Problem:
Exact reproduction of all the data is required, with pictures excluded.

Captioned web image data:
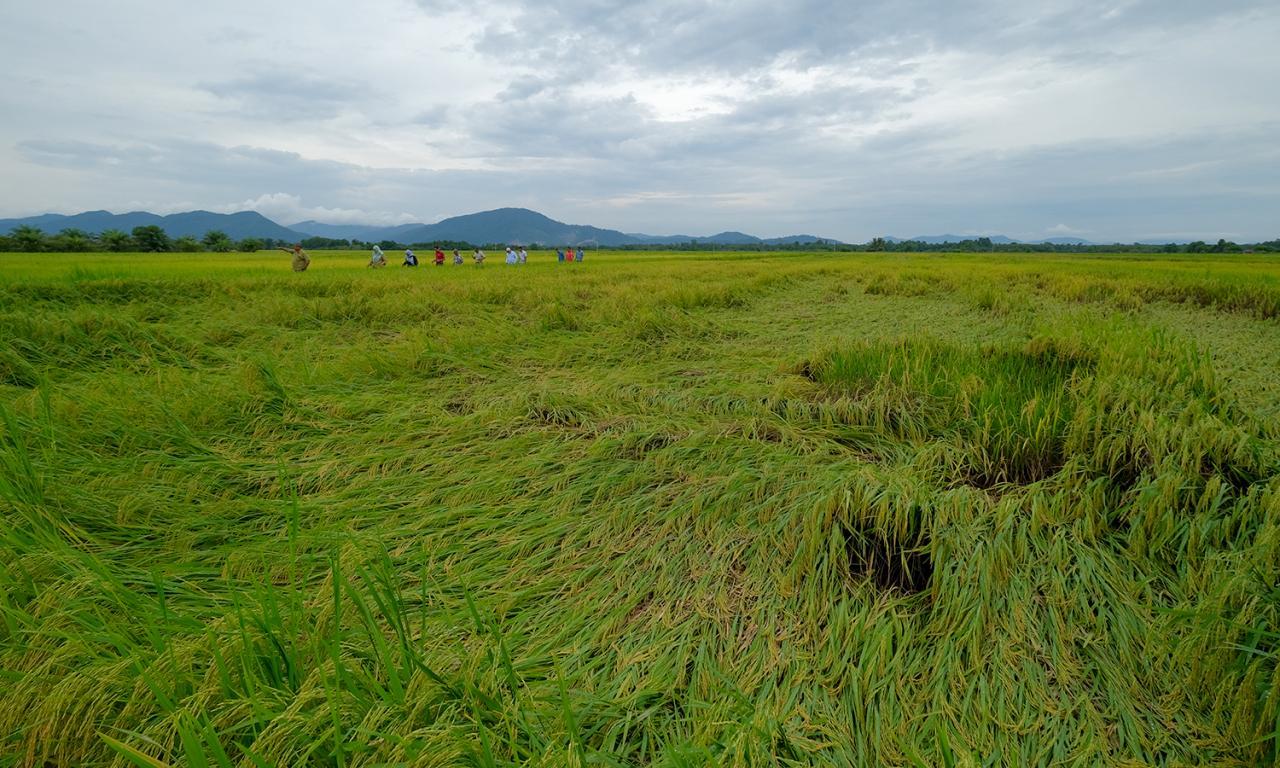 Pesawah Terjejas Ribut Akan Dibantu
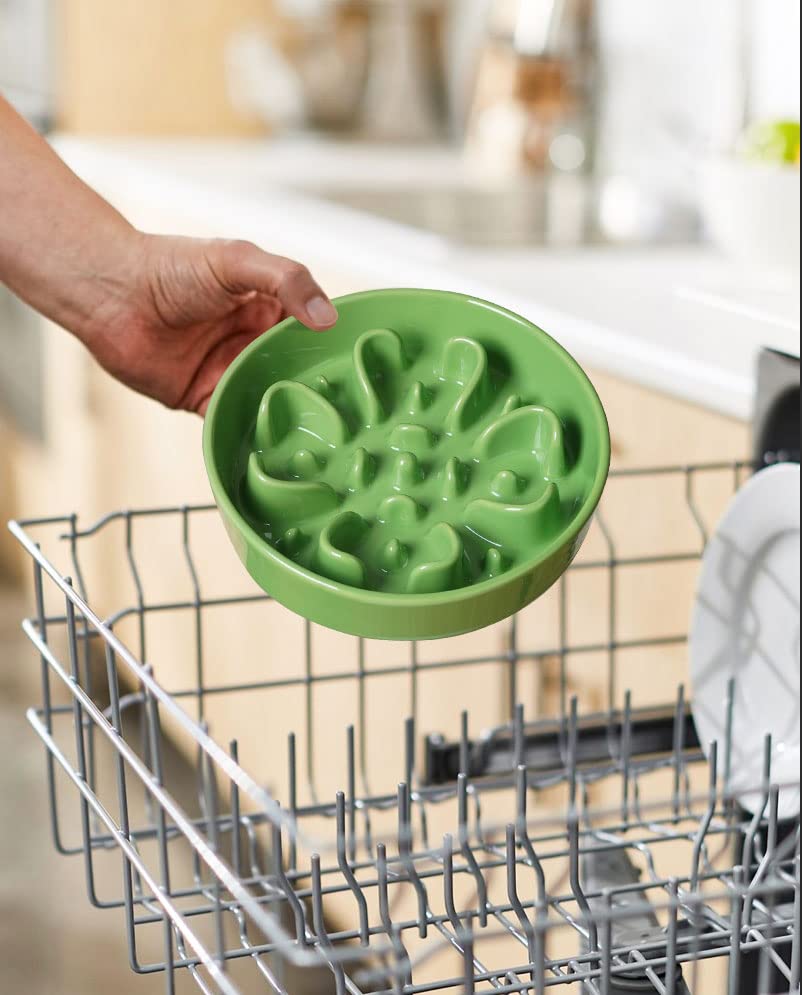 Idéal pour repas quotidiens et routines calmes.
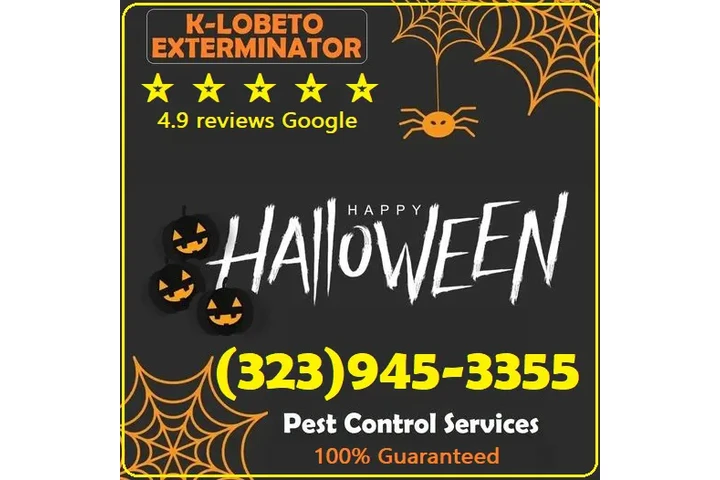 FUMIGACIONES 🎃 🦇 HALLOWEEN.- image 8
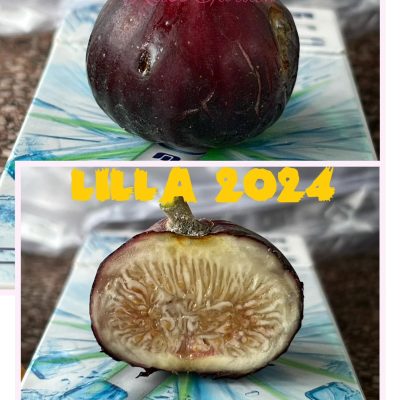 chậu sung mỹ " Lilla "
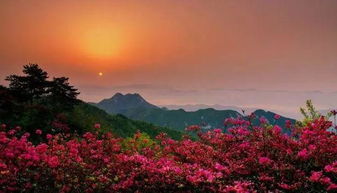 6. 黑宝山：蚊子太多了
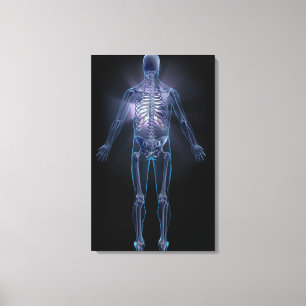 Back view of a human skeleton canvas print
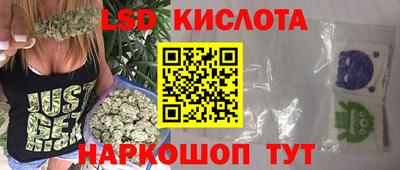 шишки Новокубанск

Expected answer:
 Pesawah Terjejas Ribut Akan Dibantu
 Idéal pour repas quotidiens et routines calmes.
 FUMIGACIONES 🎃 🦇 HALLOWEEN.- image 8
 chậu sung mỹ " Lilla "
 6. 黑宝山：蚊子太多了
 Back view of a human skeleton canvas print
 шишки Новокубанск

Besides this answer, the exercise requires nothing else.